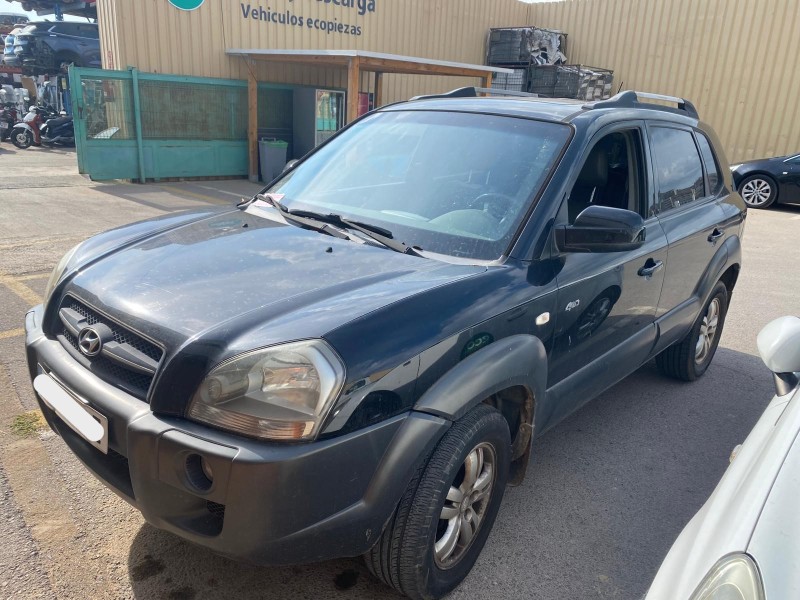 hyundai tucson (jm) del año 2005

• • • • • • •

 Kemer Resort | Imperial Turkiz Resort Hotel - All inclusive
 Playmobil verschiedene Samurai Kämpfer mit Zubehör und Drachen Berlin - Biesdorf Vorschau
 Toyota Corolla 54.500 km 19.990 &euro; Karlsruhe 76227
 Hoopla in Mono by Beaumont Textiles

• • • • • • •

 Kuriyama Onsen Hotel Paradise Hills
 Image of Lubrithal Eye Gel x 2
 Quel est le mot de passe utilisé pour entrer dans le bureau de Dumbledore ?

• • • • • • •

- What you need to do -
Look over the material above and show each line where "Hotel" appears.

- Expected answer -
 Kemer Resort | Imperial Turkiz Resort Hotel - All inclusive
 Kuriyama Onsen Hotel Paradise Hills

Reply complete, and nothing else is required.